Task instructions: The expected output is the full data, repeated exactly, without pictures.

Supplied information:
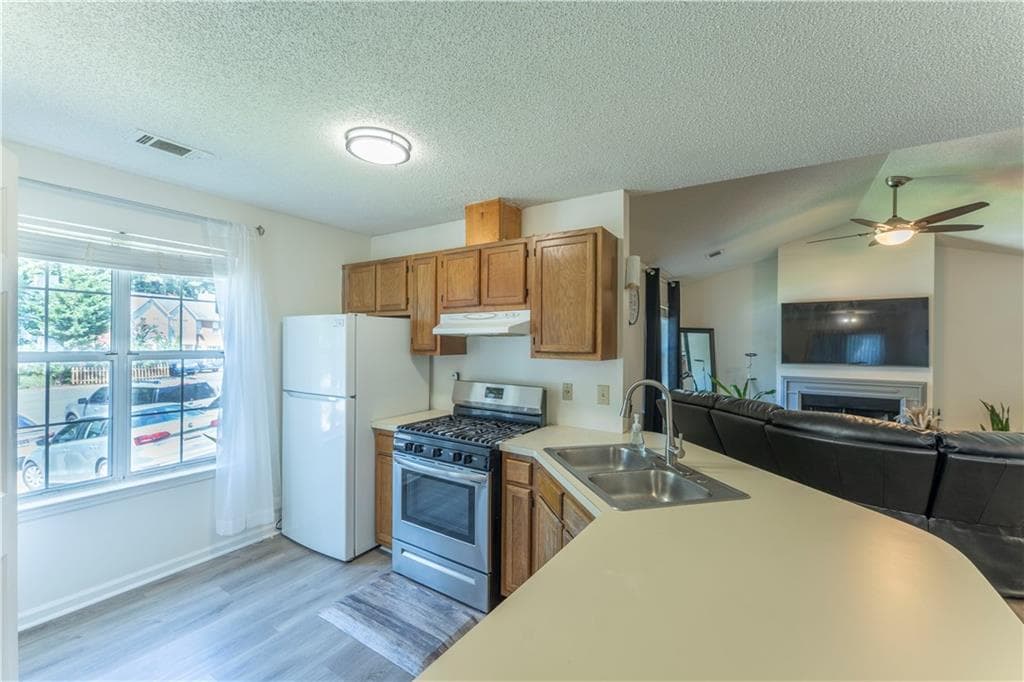 3 bedroom, 2 bathroom, 1,164 sq ft townhouse under contract at 1277 Scripps Court, Marietta, GA 30008 — photo 9
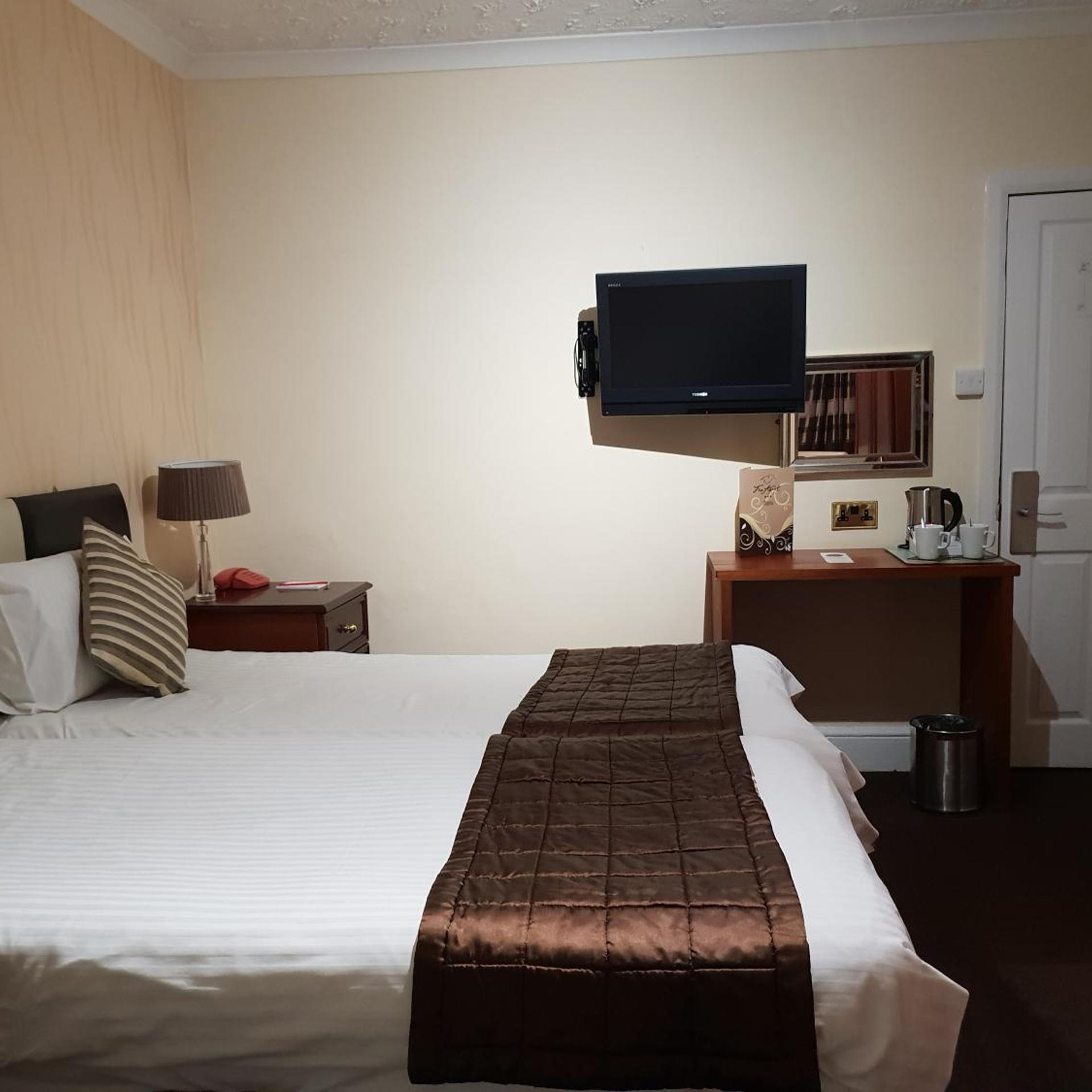 Ascot Hotel 33/50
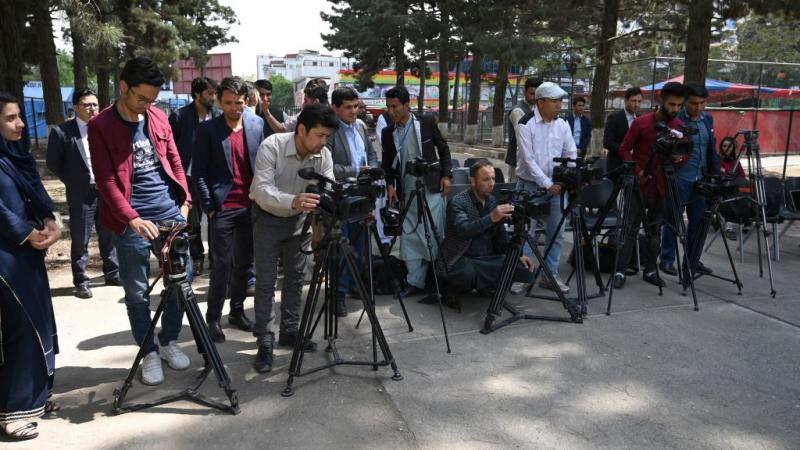قبل المباشرة بتغطية موضوع ما على الصحافيين أولا إبلاغ وزارة الإشراف التابعة لحركة طالبان، والحصول على إذن بهدف التحقق من عملهم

Result:
 3 bedroom, 2 bathroom, 1,164 sq ft townhouse under contract at 1277 Scripps Court, Marietta, GA 30008 — photo 9
 Ascot Hotel 33/50
قبل المباشرة بتغطية موضوع ما على الصحافيين أولا إبلاغ وزارة الإشراف التابعة لحركة طالبان، والحصول على إذن بهدف التحقق من عملهم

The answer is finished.